» **TASK GOAL**
Return exactly the span of lines that opens with the line containing "EN - Luxury Bags GCI 563" and closes with the last line of the data, inclusive.

» **DATA RECORDS**

══════════

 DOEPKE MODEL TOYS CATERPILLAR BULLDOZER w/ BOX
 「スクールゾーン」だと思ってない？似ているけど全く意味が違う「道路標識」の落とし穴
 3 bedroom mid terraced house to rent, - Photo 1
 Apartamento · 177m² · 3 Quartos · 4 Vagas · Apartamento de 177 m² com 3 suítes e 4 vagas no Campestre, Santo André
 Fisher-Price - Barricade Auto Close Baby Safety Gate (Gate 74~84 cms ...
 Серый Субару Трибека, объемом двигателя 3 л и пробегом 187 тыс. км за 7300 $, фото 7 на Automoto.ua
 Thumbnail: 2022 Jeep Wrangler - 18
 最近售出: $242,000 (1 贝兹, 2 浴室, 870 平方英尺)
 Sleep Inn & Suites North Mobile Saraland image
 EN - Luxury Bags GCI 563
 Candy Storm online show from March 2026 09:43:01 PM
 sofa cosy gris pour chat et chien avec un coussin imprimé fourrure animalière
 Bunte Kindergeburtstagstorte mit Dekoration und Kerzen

══════════

» **TASK RESULT**
 EN - Luxury Bags GCI 563
 Candy Storm online show from March 2026 09:43:01 PM
 sofa cosy gris pour chat et chien avec un coussin imprimé fourrure animalière
 Bunte Kindergeburtstagstorte mit Dekoration und Kerzen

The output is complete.